Assim, não se confundindo o saldo em conta corrente com salário, e também não se confundindo a penhora de salário, com autorização para débito em conta, tem-se como malferida a regra instituída pelo artigo 649, IV, do Código de Processo Civil, por indevidamente empregada para ser impedido o emprego de obrigação contratualmente prevista (...)"

...

Ao julgar o REsp 507.044, conduziu a 3ª Turma ao seguinte entendimento:

"(...) Mesmo com cláusula contratual permissiva, a apropriação do salário do correntista pelo banco-credor para pagamento de cheque especial é ilícita e dá margem a reparação por dano moral (...)"

Embora a norma do Art. 7º, X, da Constituição Federal, se dirija ao empregador, quando proíbe a retenção dolosa do salário, a vedação estende-se a todos aqueles que, por sua atividade, manejem o valor do salário.

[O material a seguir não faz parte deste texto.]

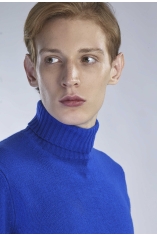 Cashmere Turtleneck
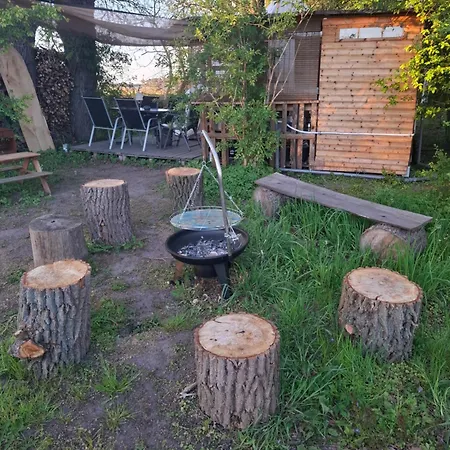 Glamping Duebener Heide Bad Schmiedeberg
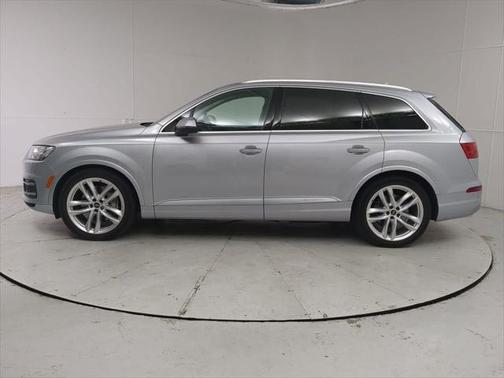2018 Audi Q7 3.0T Prestige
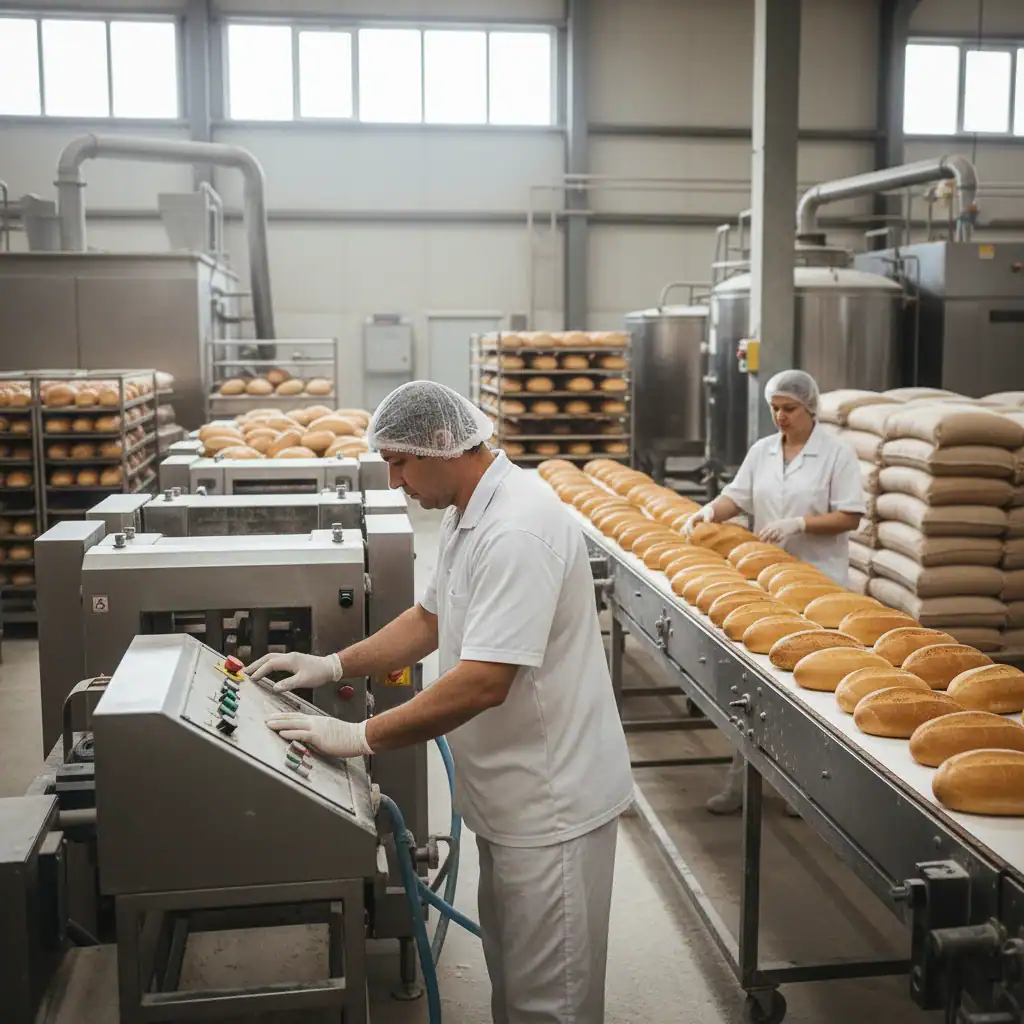 Operator food | tot €3500,- salaris!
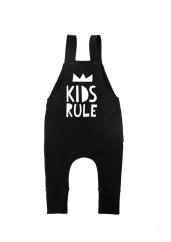 Detské tepláky na traky ,,kids rule”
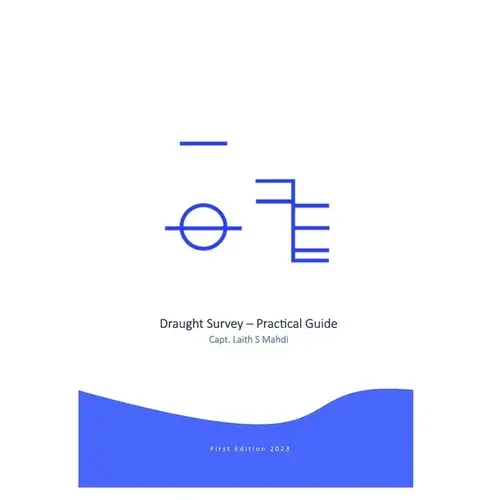 Draught Survey - Practical Guide - Paperback 1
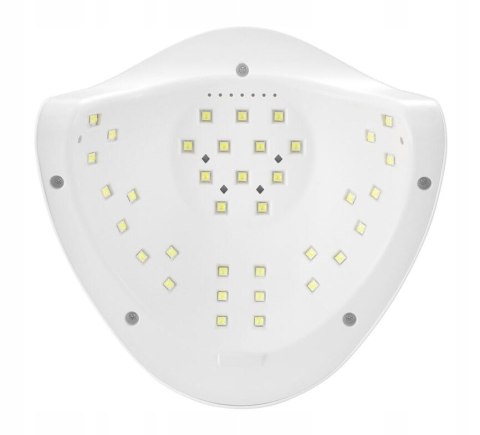 Sunone Lampa Do Paznokci Home2 80W Mocna Led Uv Biała Nowa Do Manicure Hybryd I Żeli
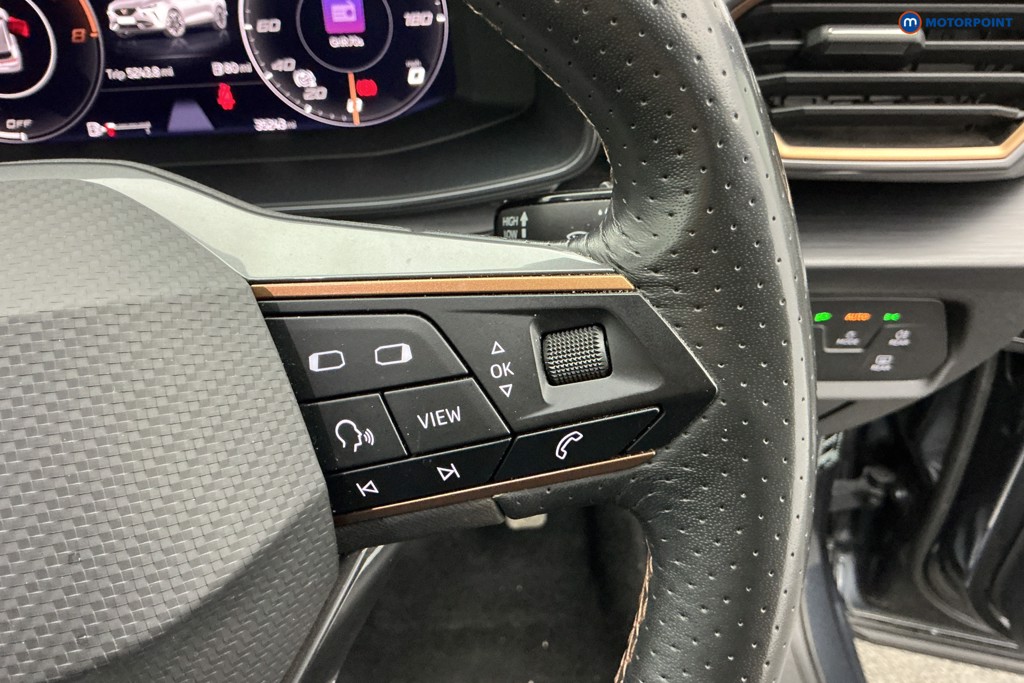 Cupra Formentor V2 Manual Petrol SUV - Stock Number (1586881) - 13th supplementary image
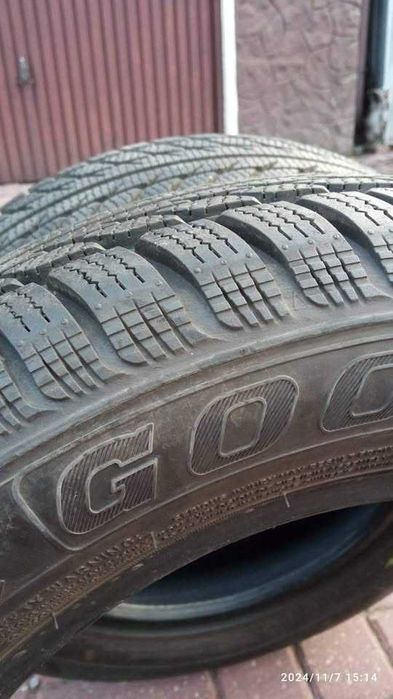 Opony zimowe Goodride 185/60R14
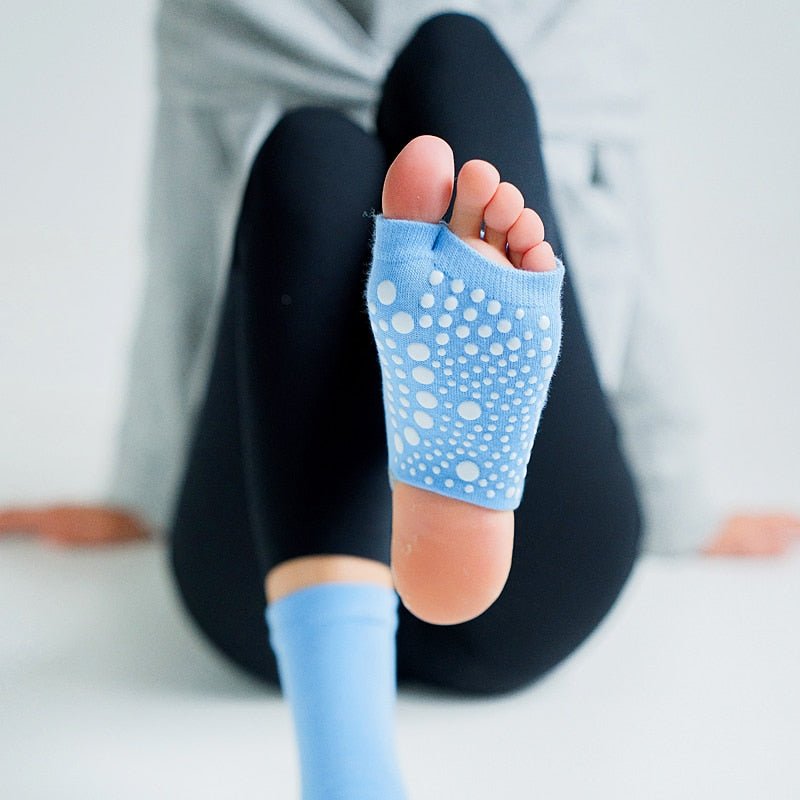 FlexiGrip Yoga Socks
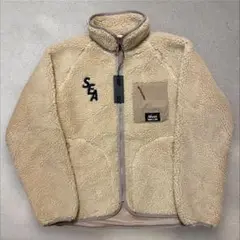 2025年最新】wind and sea nanga boa fleece jacketの人気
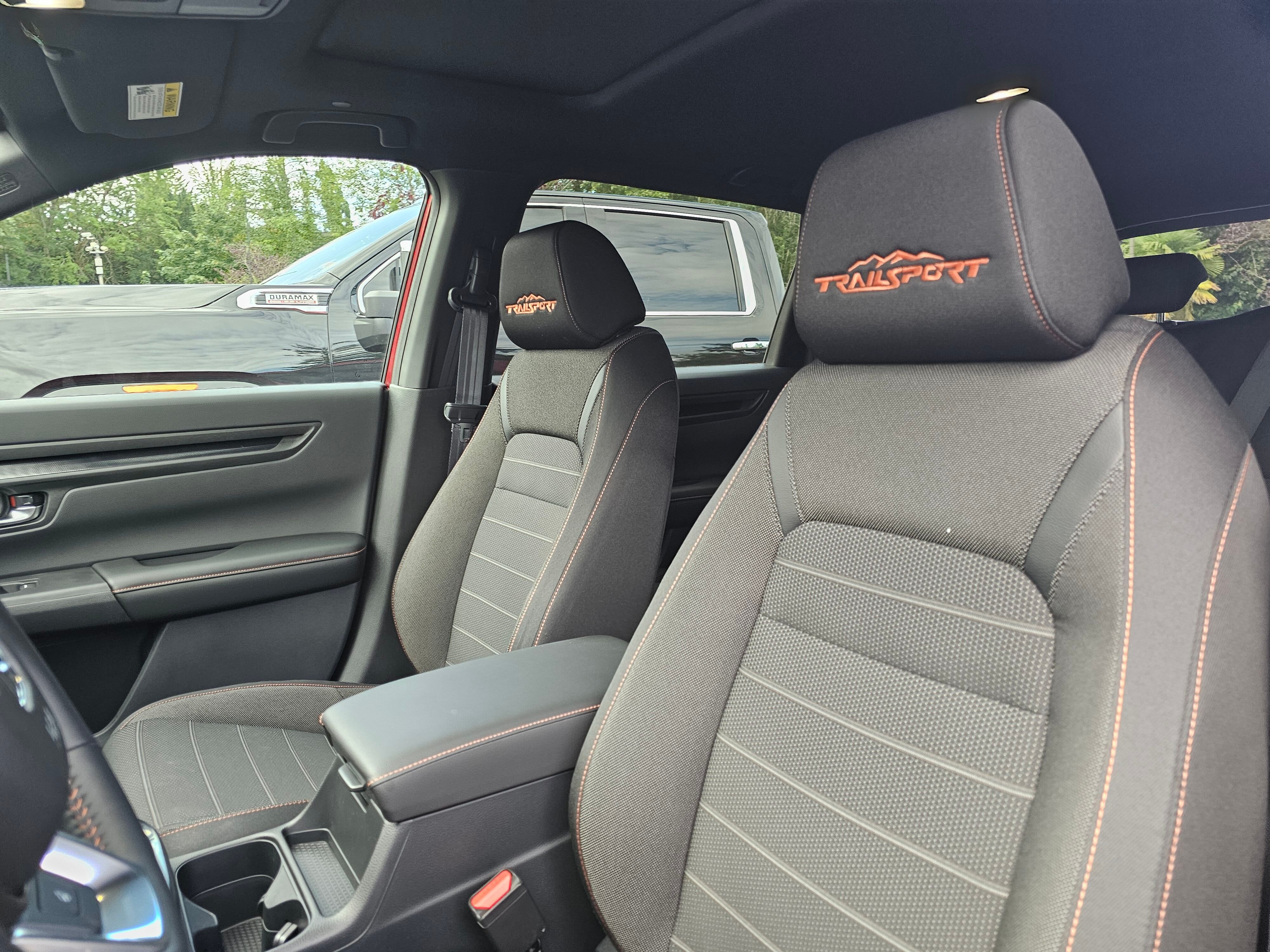 2026 Honda CR-V TrailSport - Photo 20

No caso, o banco financiou como intermediário entre o patrão e o empregado.

Não é lícito à instituição financeira pagar-se integralmente, às custas da subsistência do correntista. Ao bloquear o salário - ainda que amparado em cláusula contratual permissiva - o banco comete ato ilícito, porque constitucionalmente vedado.

...

E continua...

“Em nosso ordenamento jurídico, nem mesmo ao Poder Judiciário é lícito penhorar salários, no processo de execução (CPC, Art. 649, IV). Se assim ocorre, não se há de permitir ao credor expropriar - sem discussão - o ordenado de seu mutuário. Em verdade, a autorização para que o credor se aproprie do salário pago ao devedor constitui evidente fraude ao Art. 649, IV, do CPC. Em resumo: não é lícito ao banco valer-se do salário do correntista, que lhe é confiado em depósito, para cobrir o saldo devedor da conta corrente. Cabe-lhe obter o pagamento da dívida pelos meios ordinários”.

 

Pode-se entender da decisão acima que o mesmo ocorre para a poupança que também é protegida por impenhorabilidade nos termos da legislação vigente.

Demonstrada, portanto, a ilegalidade praticada, no caso analisado na matéria, de bloqueio de conta poupança com a alegação de cláusula contratual, a cliente da agência 6419 do Itaú-Unibanco entrou em contato com o Banco Central para registrar sua reclamação.

Em todos os momentos, por autorização expressa da cliente, as ligações para o Itaú-Unibanco e Banco Central foram realizadas em viva-voz de forma que seu representante legal e a reportagem pudessem ter acesso ao que estava sendo discutido.

Diversas tentativas para efetuar a reclamação junto ao Banco Central foram realizadas (0800-979-2345), sendo que por diversas vezes, ao digitar a opção no menu do atendimento para ‘reclamação’, recebia-se o retorno de que o número não existia, Depois de diversas tentativas, conseguiu-se que o atendimento do BCB ocorresse.

A cliente do Itaú-Unibanco identificou-se e informou que queria registrar uma reclamação contra a instituição na qual possui conta poupança e que o detalhamento do caso seria dado por seu representante que ela autorizava a prestar todos os esclarecimentos. Informou ainda, após breve discussão, que a ligação estaria em viva-voz.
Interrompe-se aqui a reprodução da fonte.